What would bring this CIO to the table? “Fee-free, carry-free co-investing,” the CIO said.
Co-investing rights give LPs the ability to acquire an equity stake alongside the GP, often through a sidecar vehicle. This direct access to deal flow allows allocators to concentrate their portfolio in specific companies or an emerging technology—generative AI, for instance.
Within the venture world, co-investing has taken off full steam. As many emerging managers are scraping to get to their funds off the ground, allocators can demand more favorable terms—and ramp up the upside potential of venture by joining the cap table of their favorite startups. But for GPs, whether to offer co-investing rights isn’t a no-brainer.
Lower fees can attract LPs by saving them money, but the benefits are marginal. Co-investing rights can move the needle for performance in a more meaningful way. “If you’re in a fund that has a 4x return, a 10% discount on fees is like, ‘Why did I bother?’. You want the GP economics, the optionality of the upside,” the CIO told me.
Blue chip mega-funds and emerging managers with stellar networks can still raise capital on attractive terms. But many who aren’t as established, especially first-time fund managers, are weaving in co-invest rights without fees or carried interest.
After all, LPs have the upper hand in today’s market. Allocators have cooled on venture in favor of more liquid holdings, and if they are still making commitments to the asset class, they’re mostly doubling down on existing relationships—not taking big bets on untested funds.

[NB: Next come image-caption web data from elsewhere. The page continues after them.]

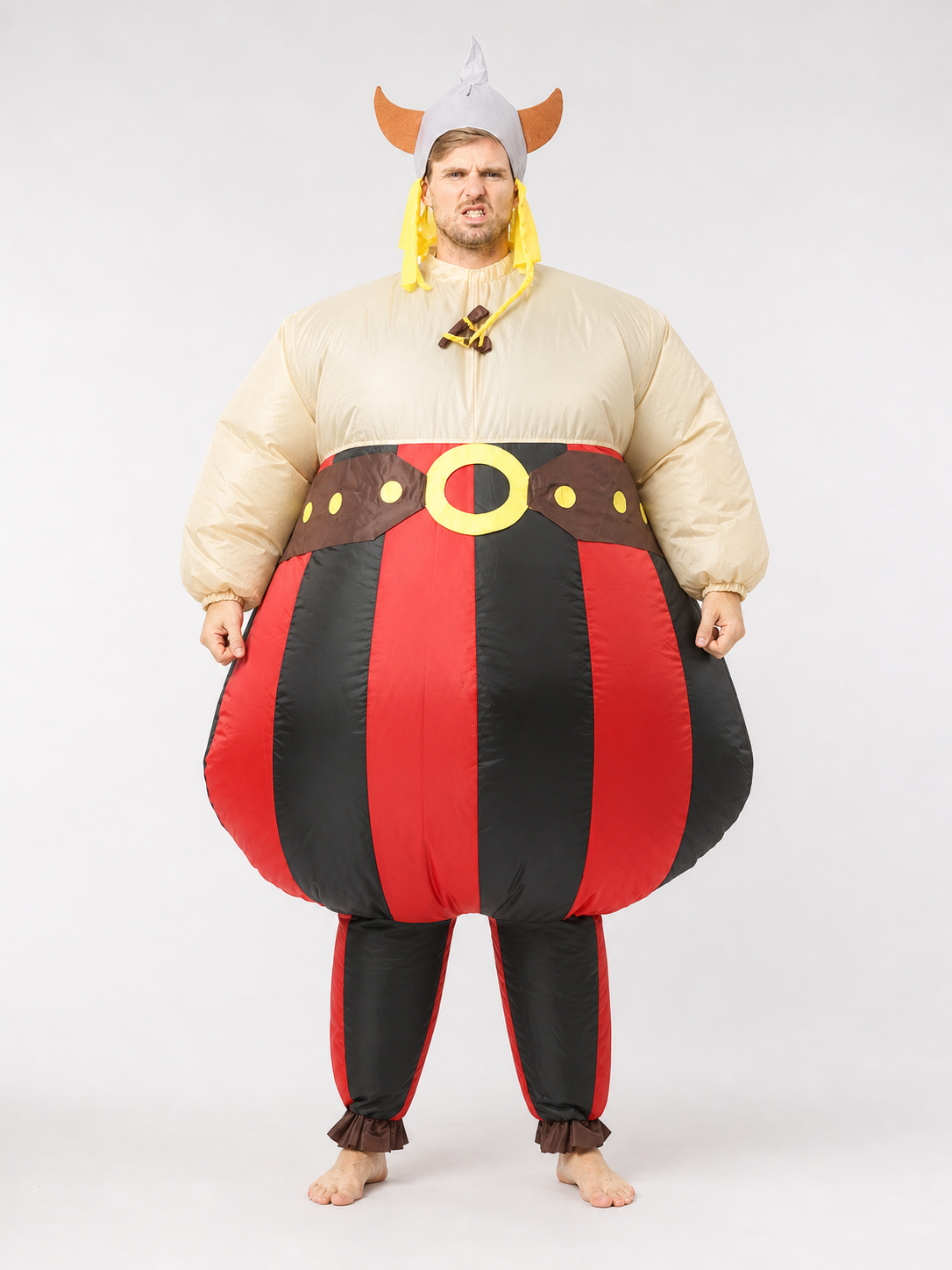 Inflatable Viking Costume with Helmet for Parties
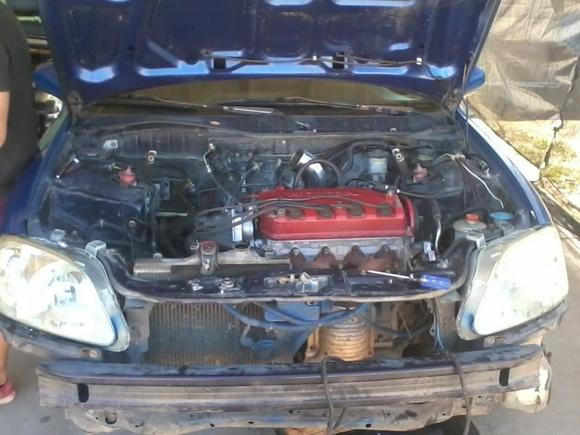 Started the work on my car to switch out the clutch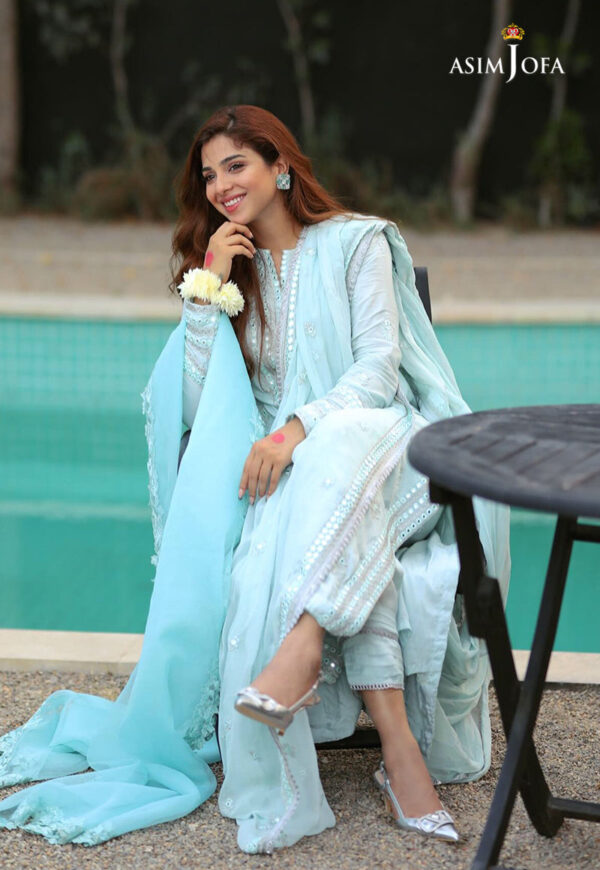 Asim Jofa Ajhj-10 Embroidered Silk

Take Eyal Bino, a first-time fund manager who recently closed his $20 million fund, 97212 Ventures. Bino offered co-investing rights on a no-fee, no-carry basis to his LPs. “This is a first-time fund and I wanted to be as friendly as possible to my LPs,” he said.
Co-investing allows LPs to access pro rata rights on the cap tables of high-growth startups, a tempting opportunity to find the next Uber or Facebook before anyone else. The best founders typically want to work with VCs, and co-investing allows LPs access that they’d struggle to get on their own.
‘Blood in the water’
“There are some funds that are scraping for every dollar just to get off the ground and up and running,” said Javad Mostofizadeh, a partner at Latham & Watkins who advises venture capital funds. “LPs smell a bit of blood in the water and are asking for a lot of things.”
But if LPs are more interested in co-investments than fund commitments, it can create a weird dynamic. If an LP is only making the minimum possible check size required for a fund, but reserving larger pools of capital for direct deals, it misaligns the LP and GPs’ incentives and means GPs have much less flexibility. “We advise clients to be careful,” Mostofizadeh said.
If LPs are devoting more capital to co-investing than to funds , it may be a sign that an LP is only investing in an emerging manager to get access to their deal flow—rather than as a vote of confidence in the manager’s strategy. “It’s far more about, are you building a relationship with the managers you’re investing in?” said Josh Porter, managing partner at FirstLook Partners, a fund-of-funds that also invests directly in high-growth software companies.
Instead, Porter’s strategy is to invest foremost in seed and early-stage fund managers, then step in for follow-on rounds once the manager is tapped out to provide an additional source of cash.
The dream that a family office might stumble upon the next generation’s AirBnB or PayPal is an enticing one. But if they’re not familiar with the asset class and its pitfalls, it can quickly turn into a trap.
GPs’ pro rata rights “can always be rewritten by the next investor coming into the round,” Porter warned, where an LP still risks being written out of the lion’s share of the upside in subsequent rounds.